**Task prompt**
Output only the stretch of the listing that starts at the line containing "een slaapkamer met" and ends at the line containing "a view of a livingroom with wooden floor", reproduced exactly with both ends.

**Dataset entries**

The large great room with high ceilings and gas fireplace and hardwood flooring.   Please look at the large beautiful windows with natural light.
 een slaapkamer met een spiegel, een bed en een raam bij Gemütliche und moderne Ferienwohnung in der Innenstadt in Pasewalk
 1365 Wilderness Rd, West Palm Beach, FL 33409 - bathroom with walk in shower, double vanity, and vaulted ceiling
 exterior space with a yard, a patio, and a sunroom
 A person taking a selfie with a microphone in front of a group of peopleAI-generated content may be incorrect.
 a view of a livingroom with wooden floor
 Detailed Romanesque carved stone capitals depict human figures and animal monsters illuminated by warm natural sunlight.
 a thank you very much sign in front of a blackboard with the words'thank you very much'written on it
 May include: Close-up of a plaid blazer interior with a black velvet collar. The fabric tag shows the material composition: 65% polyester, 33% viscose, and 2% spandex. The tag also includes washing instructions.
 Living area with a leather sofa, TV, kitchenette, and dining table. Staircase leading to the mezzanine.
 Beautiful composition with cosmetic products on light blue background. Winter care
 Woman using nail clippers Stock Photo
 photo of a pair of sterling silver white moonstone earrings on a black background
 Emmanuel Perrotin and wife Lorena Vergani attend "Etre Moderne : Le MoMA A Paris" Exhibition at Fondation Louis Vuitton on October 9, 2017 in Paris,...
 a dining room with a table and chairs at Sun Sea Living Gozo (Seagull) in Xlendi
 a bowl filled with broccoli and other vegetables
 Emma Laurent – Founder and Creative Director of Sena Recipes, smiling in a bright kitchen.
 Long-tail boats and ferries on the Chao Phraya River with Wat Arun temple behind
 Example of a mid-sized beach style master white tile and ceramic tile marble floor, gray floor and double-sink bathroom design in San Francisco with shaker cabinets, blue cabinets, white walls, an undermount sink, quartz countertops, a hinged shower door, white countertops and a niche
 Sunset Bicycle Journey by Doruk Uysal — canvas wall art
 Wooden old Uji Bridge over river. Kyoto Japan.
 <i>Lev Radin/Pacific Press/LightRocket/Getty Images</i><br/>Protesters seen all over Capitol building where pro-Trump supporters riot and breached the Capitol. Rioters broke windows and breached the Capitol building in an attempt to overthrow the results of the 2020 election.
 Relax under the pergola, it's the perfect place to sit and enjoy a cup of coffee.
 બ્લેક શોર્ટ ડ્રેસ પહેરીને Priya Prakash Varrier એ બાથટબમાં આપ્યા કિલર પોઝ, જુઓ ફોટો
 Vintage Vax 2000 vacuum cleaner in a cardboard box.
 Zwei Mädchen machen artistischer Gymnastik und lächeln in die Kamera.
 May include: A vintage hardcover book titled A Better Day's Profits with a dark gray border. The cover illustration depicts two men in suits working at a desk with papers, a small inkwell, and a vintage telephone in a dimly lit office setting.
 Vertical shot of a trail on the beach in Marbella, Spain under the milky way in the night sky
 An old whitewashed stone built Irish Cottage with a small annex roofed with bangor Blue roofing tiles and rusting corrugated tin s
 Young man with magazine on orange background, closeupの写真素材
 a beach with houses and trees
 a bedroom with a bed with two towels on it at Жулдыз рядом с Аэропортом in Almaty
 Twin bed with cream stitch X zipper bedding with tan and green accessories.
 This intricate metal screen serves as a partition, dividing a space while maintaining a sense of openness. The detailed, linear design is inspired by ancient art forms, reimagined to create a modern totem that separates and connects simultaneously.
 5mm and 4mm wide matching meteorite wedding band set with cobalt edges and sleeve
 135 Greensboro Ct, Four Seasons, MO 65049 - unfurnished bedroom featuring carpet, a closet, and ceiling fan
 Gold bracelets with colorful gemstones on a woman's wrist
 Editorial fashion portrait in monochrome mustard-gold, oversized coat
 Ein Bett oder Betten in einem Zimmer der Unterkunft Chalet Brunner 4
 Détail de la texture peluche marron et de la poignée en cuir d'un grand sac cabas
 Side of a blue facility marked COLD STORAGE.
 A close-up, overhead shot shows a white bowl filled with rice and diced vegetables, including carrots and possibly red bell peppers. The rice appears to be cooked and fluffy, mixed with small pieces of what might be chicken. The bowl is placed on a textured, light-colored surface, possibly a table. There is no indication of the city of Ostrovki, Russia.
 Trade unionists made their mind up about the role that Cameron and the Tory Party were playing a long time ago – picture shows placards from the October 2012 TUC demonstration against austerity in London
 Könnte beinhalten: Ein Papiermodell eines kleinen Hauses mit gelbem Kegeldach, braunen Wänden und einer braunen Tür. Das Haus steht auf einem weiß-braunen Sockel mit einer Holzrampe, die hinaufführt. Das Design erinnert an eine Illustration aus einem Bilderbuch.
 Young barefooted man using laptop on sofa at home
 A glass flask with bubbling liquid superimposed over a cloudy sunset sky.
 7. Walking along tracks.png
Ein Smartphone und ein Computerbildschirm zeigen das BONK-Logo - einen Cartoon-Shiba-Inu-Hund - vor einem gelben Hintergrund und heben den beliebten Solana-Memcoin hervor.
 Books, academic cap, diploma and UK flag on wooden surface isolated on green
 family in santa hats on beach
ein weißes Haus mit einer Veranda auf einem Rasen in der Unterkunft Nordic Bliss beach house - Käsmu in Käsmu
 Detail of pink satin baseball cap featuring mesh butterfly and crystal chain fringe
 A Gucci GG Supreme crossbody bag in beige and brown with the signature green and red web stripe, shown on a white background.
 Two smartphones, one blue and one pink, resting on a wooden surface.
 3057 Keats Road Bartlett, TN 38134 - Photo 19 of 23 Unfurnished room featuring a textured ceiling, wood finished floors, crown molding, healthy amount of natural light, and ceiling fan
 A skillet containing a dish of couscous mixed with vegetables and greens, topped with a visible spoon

**Task output**
 een slaapkamer met een spiegel, een bed en een raam bij Gemütliche und moderne Ferienwohnung in der Innenstadt in Pasewalk
 1365 Wilderness Rd, West Palm Beach, FL 33409 - bathroom with walk in shower, double vanity, and vaulted ceiling
 exterior space with a yard, a patio, and a sunroom
 A person taking a selfie with a microphone in front of a group of peopleAI-generated content may be incorrect.
 a view of a livingroom with wooden floor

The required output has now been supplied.